勸人圓房?勸人生娃?
姜妙自認為還沒有這么大本事,“我跟她雖是姑嫂一場,可畢竟我沒住在府上,同她又不親,怎么勸?”
“你多走動走動不就親了?”姜明山擰著眉,對這個大女兒一張口就跟他對著干的做法十分不滿。
姜妙坐著沒動,忽然問他,“爹,假如有一日,鶯娘子到處跟人散播謠言,說我兒子是奸生子,姜家名聲因此一落千丈,您會不會為了我而站出來跟所有人解釋,說我是無辜的,小寶也是無辜的,有罪的,是鶯娘子?”

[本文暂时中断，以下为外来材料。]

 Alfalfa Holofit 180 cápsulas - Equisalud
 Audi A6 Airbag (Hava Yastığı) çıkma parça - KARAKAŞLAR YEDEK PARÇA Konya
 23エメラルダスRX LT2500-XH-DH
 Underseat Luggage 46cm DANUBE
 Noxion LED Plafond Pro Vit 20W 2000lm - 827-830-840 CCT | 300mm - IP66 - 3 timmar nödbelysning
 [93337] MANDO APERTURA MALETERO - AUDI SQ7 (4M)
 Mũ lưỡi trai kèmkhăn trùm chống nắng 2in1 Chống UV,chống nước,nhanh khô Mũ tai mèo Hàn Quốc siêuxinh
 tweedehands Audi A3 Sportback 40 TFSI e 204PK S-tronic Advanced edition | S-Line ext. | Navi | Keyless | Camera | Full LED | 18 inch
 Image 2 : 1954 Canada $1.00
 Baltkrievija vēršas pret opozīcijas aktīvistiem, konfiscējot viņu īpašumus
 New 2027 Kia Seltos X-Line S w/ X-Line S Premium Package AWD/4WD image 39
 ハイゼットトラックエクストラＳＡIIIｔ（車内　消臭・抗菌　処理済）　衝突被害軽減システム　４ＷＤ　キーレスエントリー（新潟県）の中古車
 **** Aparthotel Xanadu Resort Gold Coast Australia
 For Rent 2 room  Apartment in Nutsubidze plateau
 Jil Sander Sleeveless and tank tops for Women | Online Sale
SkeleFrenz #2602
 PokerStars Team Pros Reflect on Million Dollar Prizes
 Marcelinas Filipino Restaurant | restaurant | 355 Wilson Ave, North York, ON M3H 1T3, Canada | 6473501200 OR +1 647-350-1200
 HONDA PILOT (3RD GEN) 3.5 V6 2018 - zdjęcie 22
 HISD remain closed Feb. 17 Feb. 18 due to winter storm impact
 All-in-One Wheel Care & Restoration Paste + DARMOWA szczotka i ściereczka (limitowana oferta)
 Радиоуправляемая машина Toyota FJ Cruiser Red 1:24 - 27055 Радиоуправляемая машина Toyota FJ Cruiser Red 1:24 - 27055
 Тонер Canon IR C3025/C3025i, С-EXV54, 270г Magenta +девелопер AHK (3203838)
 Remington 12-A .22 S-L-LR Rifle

姜明山聞言,臉色狠狠一變,“你,你胡說什么,怎么可能會有這種事發生,鶯娘她…”
“她躲起來故意不讓我們找到,為的,就是尋個機會弄死我。”姜妙彎著唇角,眼底卻漫上冷意,“我想知道,倘若真有那么一日,爹是甘愿頂著所有人的謾罵站出來把我護在身后,還是會為了名聲一腳把我踢出姜家?”
姜明山死要面子,這在姜家是心照不宣的事兒,但從未有人擺在明面上來說。
姜妙這番話,無疑是直接扯掉遮羞布,把姜明山最在意也最不愿正視的弱點拉出來踩。
姜明山果然大怒,“你少在那血口噴人,誰沒事兒吃飽了撐的散播你謠言,再說了,就算真有那么一天,你那未婚夫是吃素的嗎?還用得著我出來維護你?”
姜妙聽笑了。
姜明山得見她這副模樣,更是火冒三丈,“姜妙,你別以為…”
“爹說得對。”姜妙打斷他的話,“大哥大嫂成親一個月還沒圓房,大哥是吃素的嗎?還用得著我一個當妹妹的出面勸?”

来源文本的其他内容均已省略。